Today a large plume of
smoke is rising from the mountain behind our place. The sky has an uncanny,
jaundiced hue, and the citizens of Hobart are on edge. As much as I admire
Pliny’s scientific curiosity – many of his contemporaries simply cowered in
fear at this “wrath of the gods” – I will not be emulating it. Today, for the
third day in a row, Hobart and surrounds are swathed in thick bushfire smoke.
Satellites, helicopters and the internet tell me exactly where the fires are. And
I have studied enough to know how they behave. I have no desire to see this fire close up.
We have had a summer of
savage bushfire all over our island State. On January 4, 2013 Hobart
reached 41.8 degrees Celsius. That’s more than 107 degrees Fahrenheit. For a
cool-temperate island, derided by mainland Australians as sub-Antarctic, that’s
impossibly hot. And it’s the kind of weather which makes fire impossible to
control. On that January day around 200 houses in south-eastern Tasmania were
incinerated, along with countless livestock and wildlife. Incredibly, no-one
was killed by the fire.
I was driving home from
the north of the State that afternoon, dodging fires, listening to the car
radio to find the safest route home. The heat was so intense that sections of
bitumen on the Midland Highway were melting. Ash and smutty embers were
drifting out of a hellish sky.
[Map of a SW Tasmanian fire, January 2013. The blue sections indicate burned areas. Its "dragon" shape, more than 50km long, appears ready to swallow the Western Arthur Range.]
|
Smoke from those fires
persisted for days. For me, as for many Australians, such smoke elicits two
opposite, primal responses. Gum leaves, and the wood from gum trees, make the
very best of fires, whether in the fireplace or at an overnight campsite. For
me those are hugely nostalgic settings, home to some amazing memories. A whiff
of that smoke transports me to a happy place. But the same wood’s combustible
qualities make wild fires in eucalypt forests and woodlands some of the
fiercest, most frightening fires on earth. That smell on a hot day is the
antithesis of nostalgia, especially when combined with strong winds and the
judder of helicopters overhead.
[Thick smoke all but obscures the mountain] |
Older Hobartians only have
to hear “1967” and they shudder. In February that year conditions similar to
those of January 4 this year caused the State’s worst ever fires. 62 people
lost their lives, nearly 1000 were injured, and around 300 dwellings and
buildings were destroyed. If I wanted the horror brought home, I need only recall that thirteen people in our street died. Our local landmark, the Cascade
Brewery, was gutted, and 163 South Hobart houses were lost.

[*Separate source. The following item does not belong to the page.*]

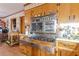 View of a kitchen with a vintage range, wooden cabinets, and white countertops at 2985 Duke Of Gloucester, Atlanta, GA 30344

[A Tas Fire Service image of South Hobart after the 1967 fires] |
A few days after the
January 2013 fires it rained. Not hard, not for long, but we got a medium
soaking. I walked outside and caught a different eucalypt whiff, one with no
downside. It was the scent of wet gum leaves, and there are few smells as heavenly:
sharp-tanged, clean, spirit-lifting. With this latest Vesuvian cloud still hovering
over us, that is the smell I am wanting more than any other.